BEGIN Recorded information
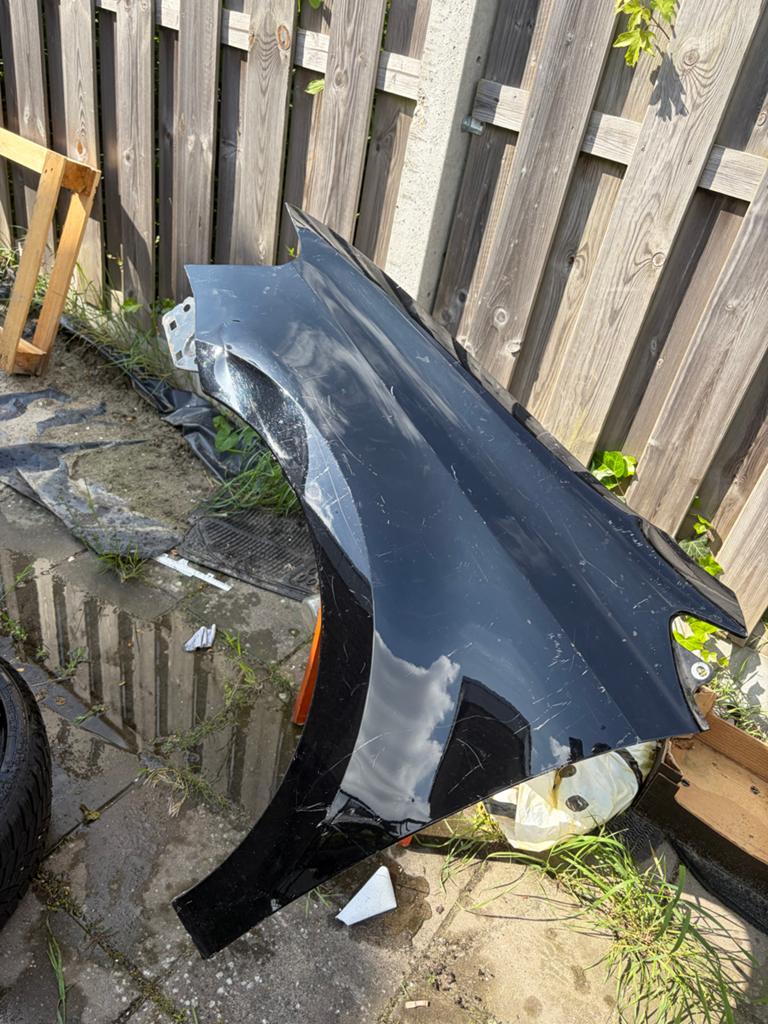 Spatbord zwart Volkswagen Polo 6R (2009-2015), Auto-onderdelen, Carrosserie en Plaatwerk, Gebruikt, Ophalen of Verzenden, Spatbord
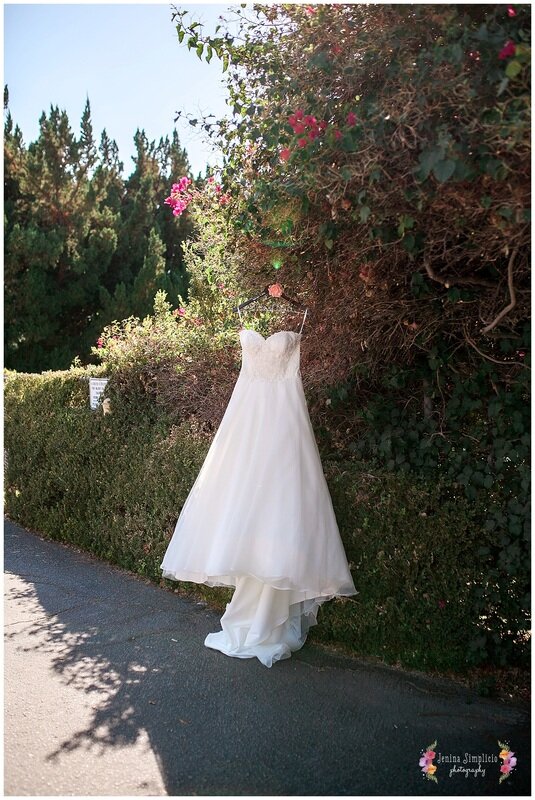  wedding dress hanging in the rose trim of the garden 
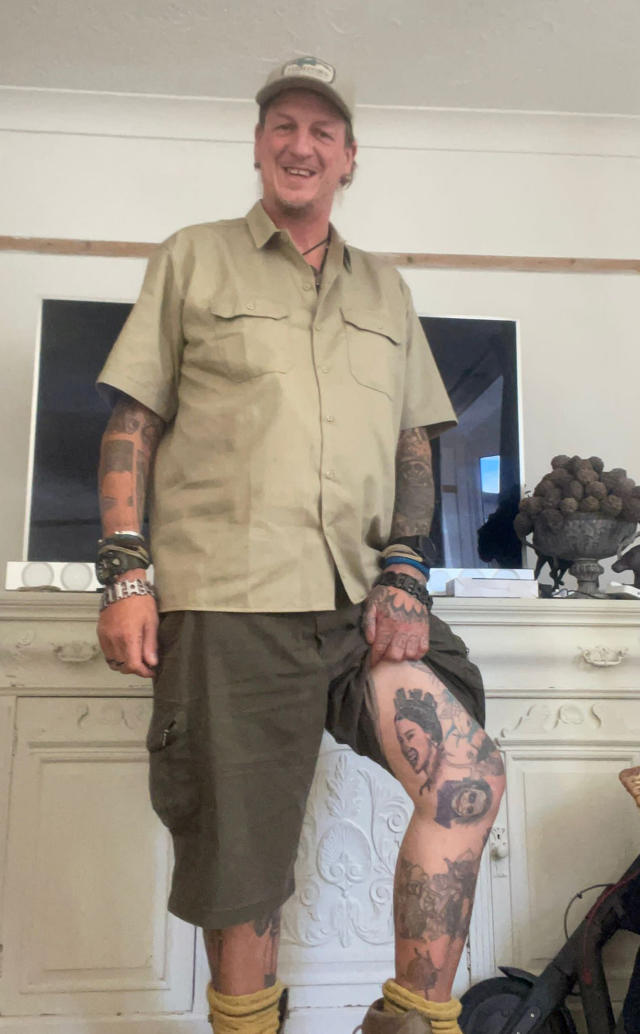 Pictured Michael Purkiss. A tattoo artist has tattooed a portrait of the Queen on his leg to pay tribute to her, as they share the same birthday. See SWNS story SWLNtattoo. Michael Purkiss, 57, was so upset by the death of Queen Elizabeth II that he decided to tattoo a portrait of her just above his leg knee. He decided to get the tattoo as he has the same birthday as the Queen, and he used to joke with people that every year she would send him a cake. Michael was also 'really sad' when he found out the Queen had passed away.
END Recorded information
» **Exercise goal**
Extract the full listing exactly, with the pictures left out.

» **Result of this exercise**
 Spatbord zwart Volkswagen Polo 6R (2009-2015), Auto-onderdelen, Carrosserie en Plaatwerk, Gebruikt, Ophalen of Verzenden, Spatbord
  wedding dress hanging in the rose trim of the garden 
 Pictured Michael Purkiss. A tattoo artist has tattooed a portrait of the Queen on his leg to pay tribute to her, as they share the same birthday. See SWNS story SWLNtattoo. Michael Purkiss, 57, was so upset by the death of Queen Elizabeth II that he decided to tattoo a portrait of her just above his leg knee. He decided to get the tattoo as he has the same birthday as the Queen, and he used to joke with people that every year she would send him a cake. Michael was also 'really sad' when he found out the Queen had passed away.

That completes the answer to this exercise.